Si los mapuches son considerados bárbaros, en cambio, porque cada vez que sucede un hecho de violencia en la región de la Araucanía se los va a acusar de sospechosos evidentes por el solo hecho de que se han negado a someterse a un sistema que no conforme con “expropiarles” sus territorios en provecho de la entidad política que llamamos nación y que, como toda comunidad dominante, se establece sobre los demás mediante la violencia, además desea despojarles su identidad, entonces lo que llamamos barbarie no es más que nuestra propia intolerancia e incomprensión hacia otros.

Cada vez que salimos en busca de los bárbaros para diferenciarnos “civilizadamente” de los retrasados, lo que hacemos es imponer nuestro narcisismo señorial e ilustrado a aquellos que no son iguales a nosotros.

De allí que cada uno de nosotros, ya sea con los mapuches (Chile), con los árabes (Europa y Norteamérica), con los pobres (medios de comunicación y clase política), entre otros ejemplos que podemos citar, ejecuta o bien se hace cómplice de un trato peyorativo y denigrante contra otros que no están en nuestra misma sintonía socioeconómica, política o cultural.

Acostumbrados a creer que todo está bien, somos incapaces de despertar de nuestro aletargamiento sin la necesidad de que aparezcan los bárbaros: siempre que un hecho impactante nos perturba, salimos a encontrar a los bárbaros, aún a riesgo de equivocarnos: así ha pasado con cientos de mapuches apresados para tranquilizar a los dueños de fundos cuando hay incendios.

También sucede así con cientos de inocentes detenidos por delitos de alto impacto comunicacional, como lo vívido por un joven drogadicto que fue víctima de la búsqueda desenfrenada de un bárbaro al cual culpar a raíz de un homicidio a cuadras de una universidad, pasando dos años preso por algo que no tenía culpa, aparte de estar drogado a la hora de su detención y vivir cerca del hecho.

Siempre que buscamos bárbaros, los encontramos. El problema es que los buscamos fuera de nuestras fronteras, cuando bastaría mirarnos al espejo para encontrar un auténtico bárbaro:

“-¿Por qué empieza de pronto este desconcierto
y confusión? (¡Qué graves se han vuelto los rostros!)”, finaliza el poema de Kavafis.

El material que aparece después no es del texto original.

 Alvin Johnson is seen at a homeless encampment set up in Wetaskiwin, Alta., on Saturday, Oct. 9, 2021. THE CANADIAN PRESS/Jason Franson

“¿Por qué calles y plazas aprisa se vacían
y todos vuelven a casa compungidos?
Porque se hizo de noche y los bárbaros no llegaron.
Algunos han venido de las fronteras
y contado que los bárbaros no existen.

¿Y qué va a ser de nosotros ahora sin bárbaros?
Esta gente, al fin y al cabo, era una solución”

La solución, sí, pero la solución para culpar a otros de lo que nos negamos a reconocer en nosotros mismos.